• **SOURCE INFORMATION**
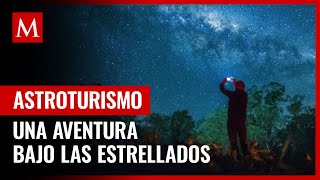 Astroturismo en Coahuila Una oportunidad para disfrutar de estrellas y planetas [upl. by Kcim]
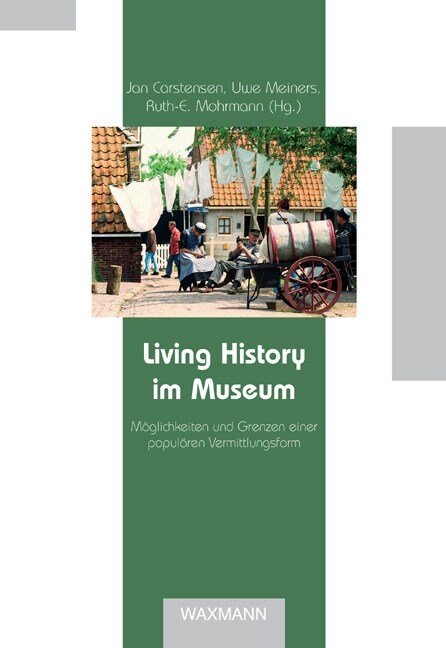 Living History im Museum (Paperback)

==

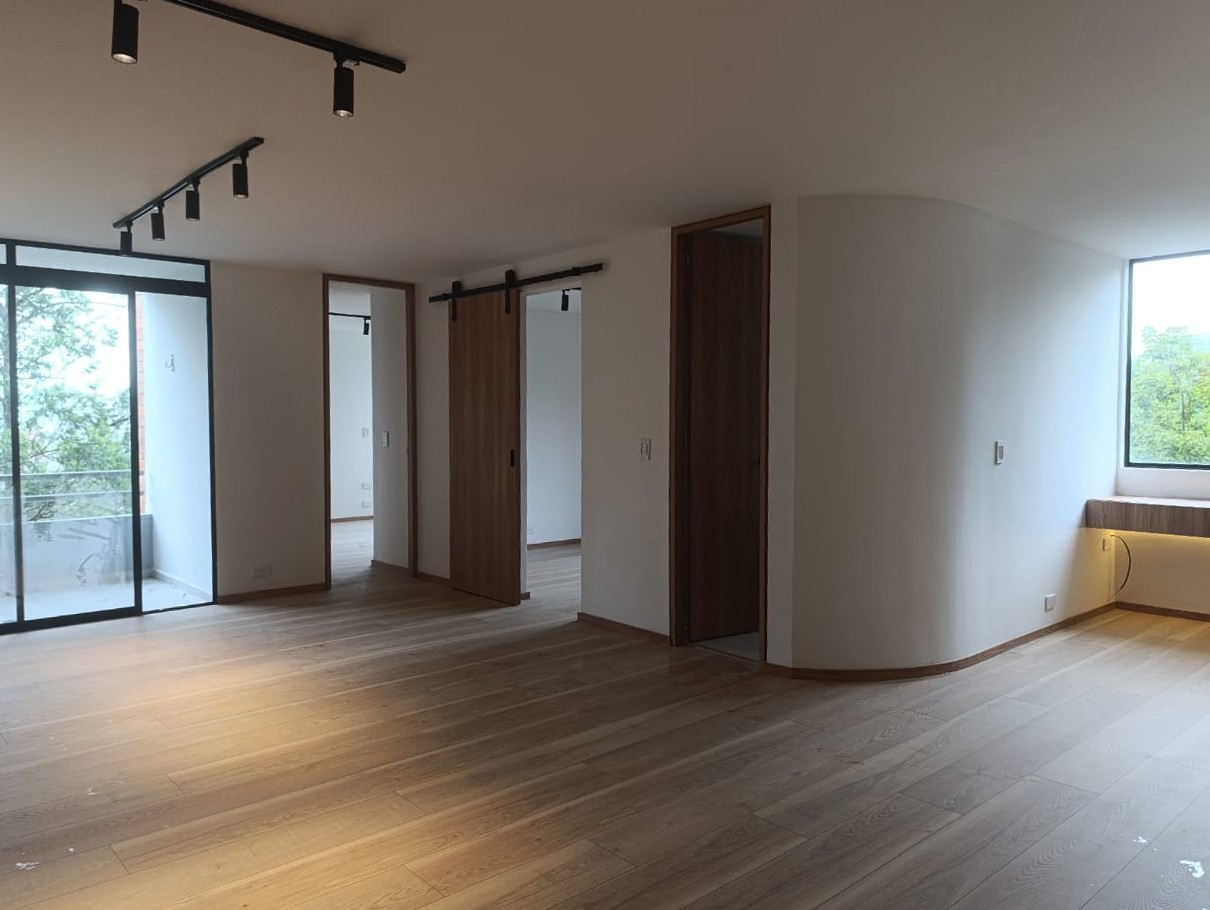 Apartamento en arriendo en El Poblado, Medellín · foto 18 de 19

• **TASK REQUIREMENTS**
Skip every picture, and restate word for word only the lines above from the line containing "Astroturismo en Coahuila" to the line containing "Living History im Museum (Paperback)", both of them included.

• **WRITTEN ANSWER**
 Astroturismo en Coahuila Una oportunidad para disfrutar de estrellas y planetas [upl. by Kcim]
 Living History im Museum (Paperback)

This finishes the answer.